Another thing I noticed is, that systemd-boot took over my initramfs modification to the boot loader entry I did a few snapshots ago. Therefore I expect the next Kernel update to break the system or at least the boot process and (hopefully) Aeon will rollback to the previous snapshot. I attached an archive with the entries for snapshot 34 - 39. As you can see 34 and 35 are still lisitng initrd-4c6dba516f5f3d230a1f5f1e144106e46c960602 as theri initramfs while every entry after 35 (thus 36, 37, 38, 39) all list initrd-6.9.1-1-default. Which is the one I manually moved there and initially modified the entrie 36 to use this. This changes seems to have been carried over to every following entry. Therefore I expect a new Kernel or driver update to break the system. Unless I re-generated a initramfs manually and fix the boot entry before rebooting
Created attachment 875264 [details] SystemD Boot entries 34 till 39
(In reply to Imo Hester from comment #26) > (In reply to Stefan Dirsch from comment #25) > > Thanks for figuring this out, Imo! So it seems > > > > transactional-update initrd > > > > doesn't work in a consistent way, at least not together with systemd-boot. > > Ignaz will look into this. > > > > I'm wondering if we're seing two separate issues here. Could you check once > > more by re-installing the KMP if transactional-update initrd is being > > running during that installation (it should!)? I need to know if the initrd > > is just being installed to the wrong location or systemd-boot configuration > > not adjusted correctly respectively. Or if no initrd is being re-created at > > all during KMP installation. > > Hey there. I am not entirely sure how to test this so here is what I did: > > 1) sudo transactional-update pkg rm nvidia-driver-G06-kmp-default > (This removed also *-compute-G06, *-video-G06, *-util-G06, *-gl-G06 > 2) sudo reboot > 3) sudo transactional-update pkg in nvidia-driver-G06-kmp-default > 4) sudo reboot > 5) cd /boot > 6) ll > > total 88476 > > drwxr-xr-x. 5 root root 65536 Jan 1 1970 efi > > -rw-------. 1 root root 90530598 Jun 2 07:53 initrd-6.9.1-1-default > > As you can see the initrd-6.9.1-1-default is still the one from yesterday > which I manually generated using transactional-update initrd > > Also > > 7) cd /boot/efi/opensuse-aeon/6.9.1-1-default > 8) ll > > total 277568 > > -rwxr-xr-x. 1 root root 178947935 Mai 25 10:22 initrd-4c6dba516f5f3d230a1f5f1e144106e46c960602 > > -rwxr-xr-x. 1 root root 90530598 Jun 2 07:58 initrd-6.9.1-1-default > > -rwxr-xr-x. 1 root root 14641520 Mai 17 13:59 linux-6b13316fa0178df1fd6898c8f96f96ab9ecbbbe1 > > does not reveal any new initramfs files. > > I suppose transactional-update initrd is not being executed or the initramfs > is stored to an entirely different location I did not yet found. > > Does this help? Yes, definitely! Thanks, this shows that we have two separate issues here. 1. transactional-update initrd is not being executed when installing a KMP 2. transactional-update initrd doesn't work together with systemd-boot
While I must say the first one surprises me as with Aeon RC 1 I had no issues with the drivers or had to manually trigger transactional-update initrd after the installation. At least not that I remember.

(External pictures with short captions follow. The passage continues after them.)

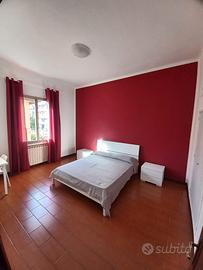 2 camere singole per studenti a Bologna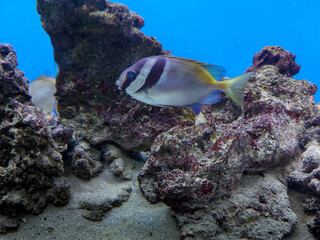 coral reef with fish
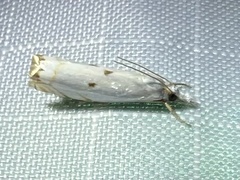 Microcrambus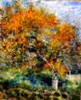 Renoir poirier
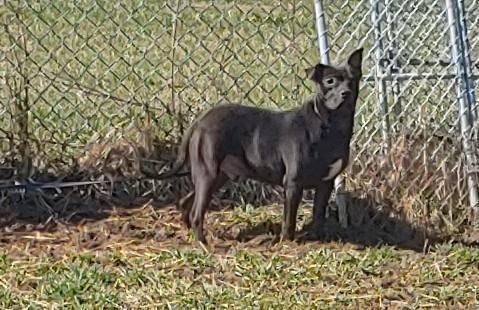 Enlarge Dobby, a Adoptable mixed breed in Oberlin, OH image 2/2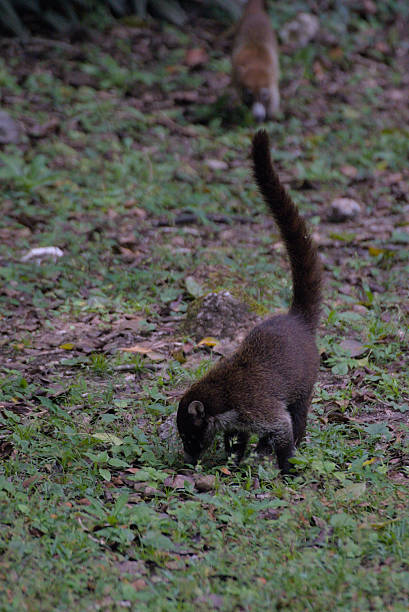 istock Coatis wandering freely beneath lush forest canopy 2249042279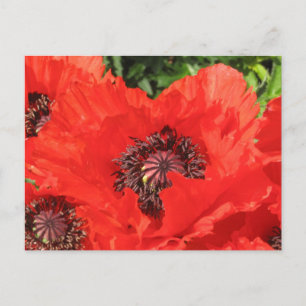 Roter Mohn Postcard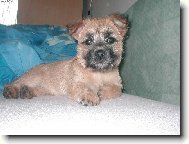 Cairn Terrier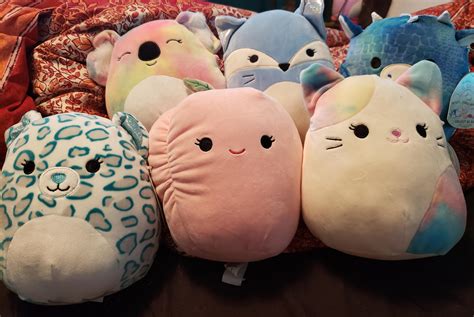 Managed To Get Most Of The New Squad From 5 Below Rsquishmallow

(In reply to Stefan Dirsch from comment #29) > 2. transactional-update initrd doesn't work together with systemd-boot Correct, currently systemd-boot is not directly integrated into transactional-update itself yet (i.e. the commands "initrd", "bootloader" and "grub.cfg" don't do the right thing on a systemd-boot system). systemd-boot support is generically implemented as a snapper plugin using the "sdbootutil" instead, because of course you can also use systemd-boot on non-transactional systems. The sdbootutil script also includes detection whether it is necessary to regenerate the initrd. @Alberto: On a first glance I couldn't find any RPM macro integration so that a RPM package calling %regenerate_initrd_post would trigger the initrd rebuild on a systemd-boot system. Am I missing something, or do we still have to implement this? > 1. transactional-update initrd is not being executed when installing a KMP See answer above - this is something which needs to be implemented on a RPM macro level...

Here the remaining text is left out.